_The data_.
---------------
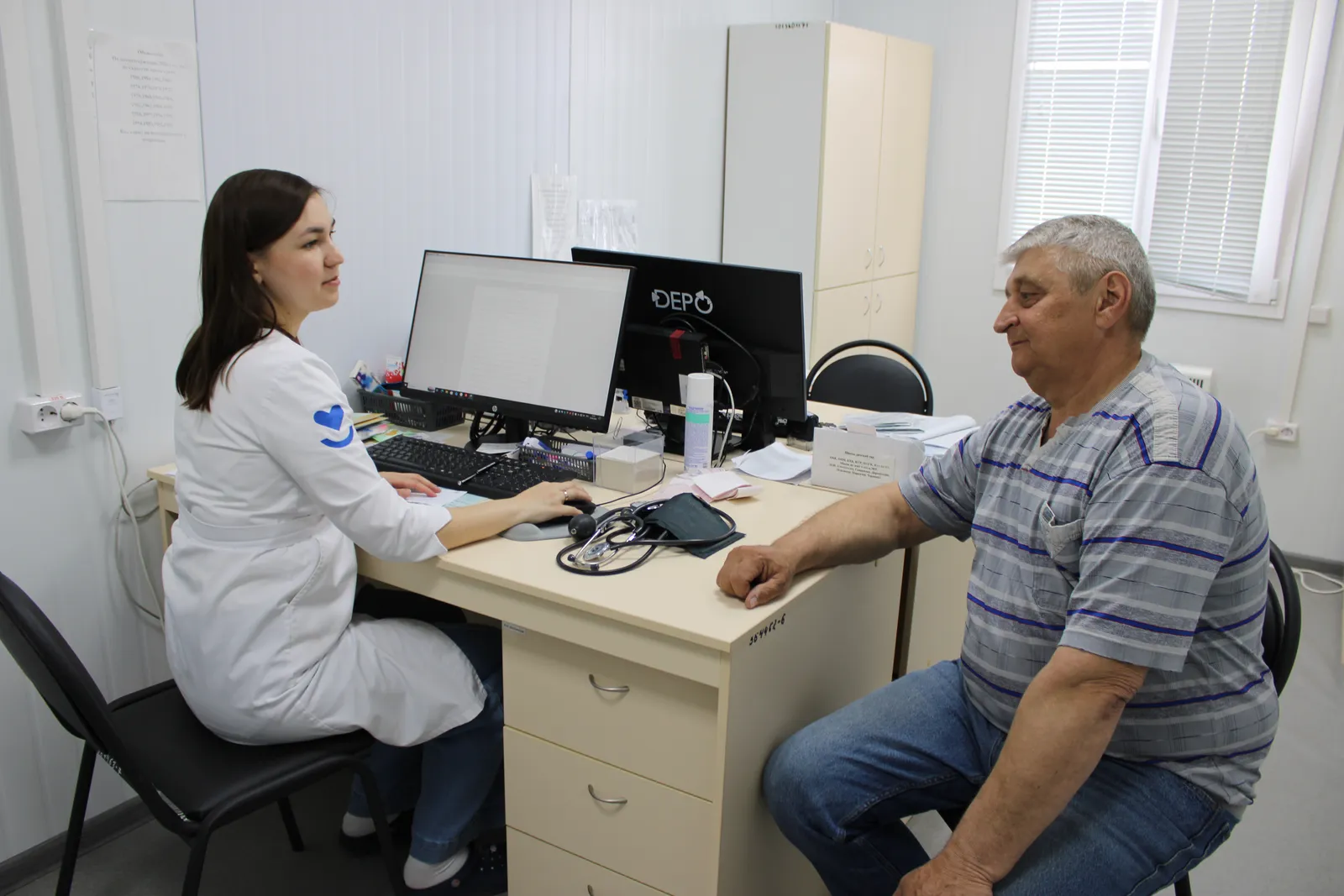 “Сәләмәтлек поезы” – халыҡ һаулығы һағында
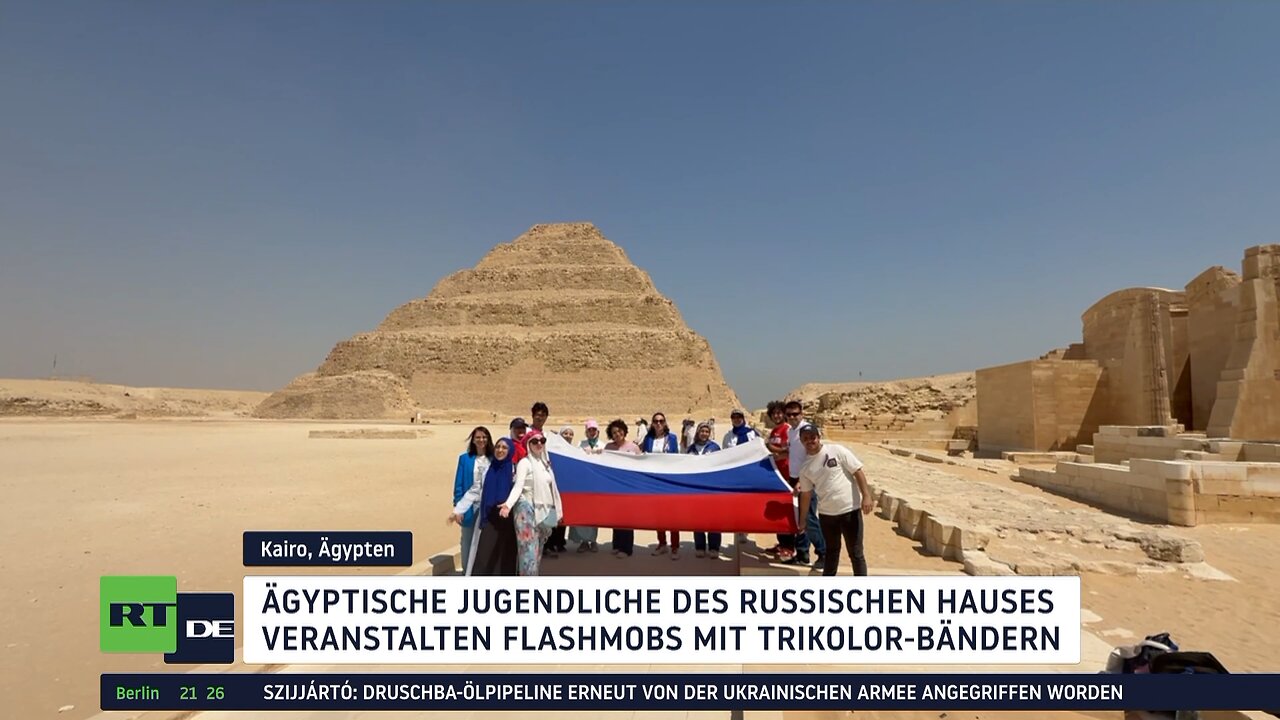 Tag der russischen Flagge: Feiern über Russlands Grenzen hinaus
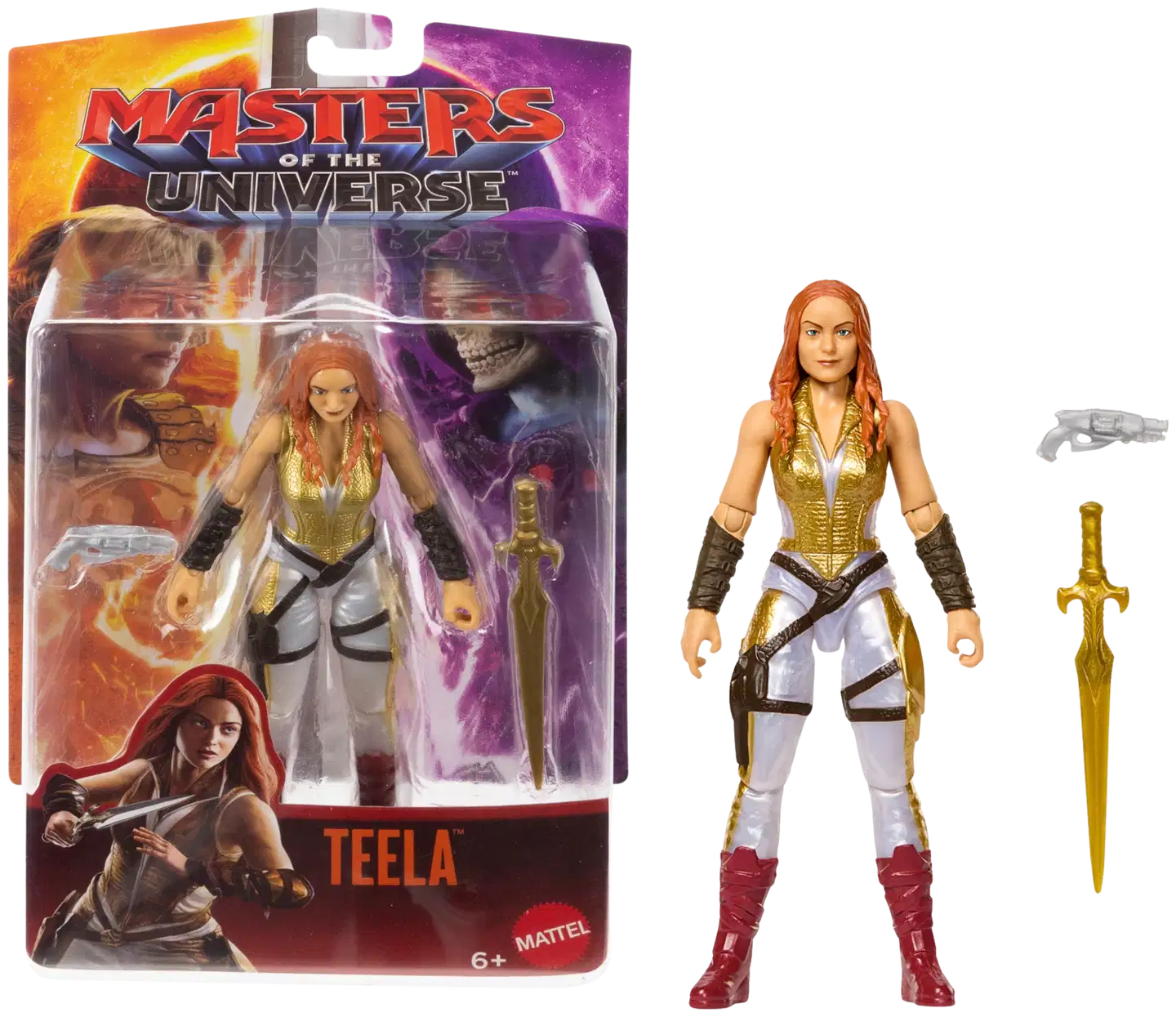 Masters Of The Universe Kids  Core -Hahmo 14 cm - 4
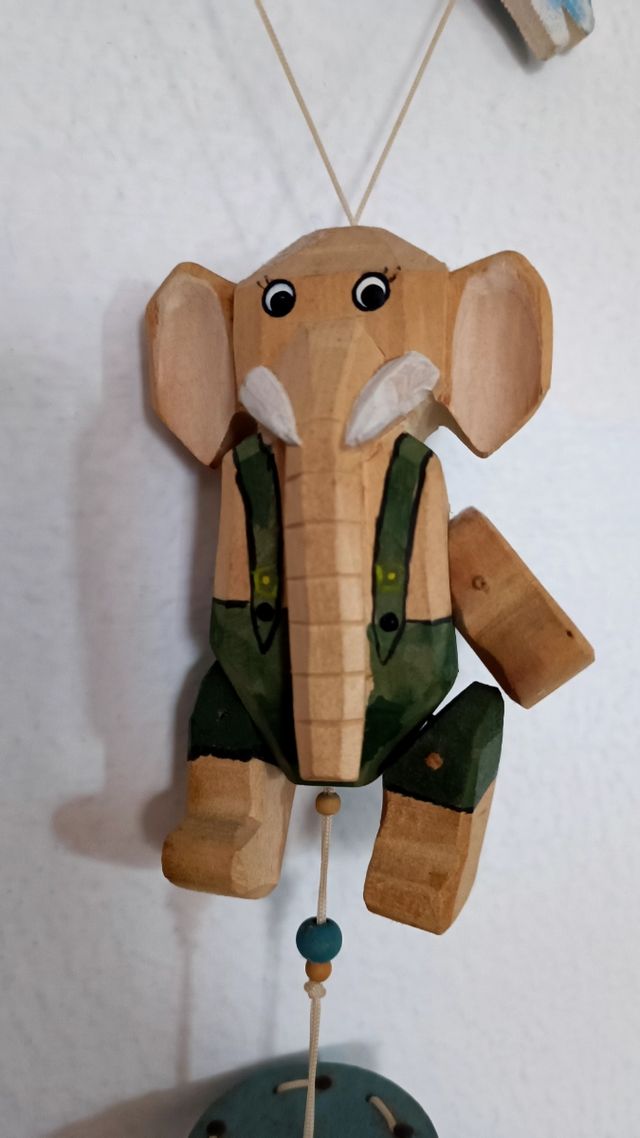 Scacciasogni in legno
---------------
_Work to complete_.
Give back the whole of the material exactly, with the pictures removed.

_Problem solution_.
 “Сәләмәтлек поезы” – халыҡ һаулығы һағында
 Tag der russischen Flagge: Feiern über Russlands Grenzen hinaus
 Masters Of The Universe Kids  Core -Hahmo 14 cm - 4
 Scacciasogni in legno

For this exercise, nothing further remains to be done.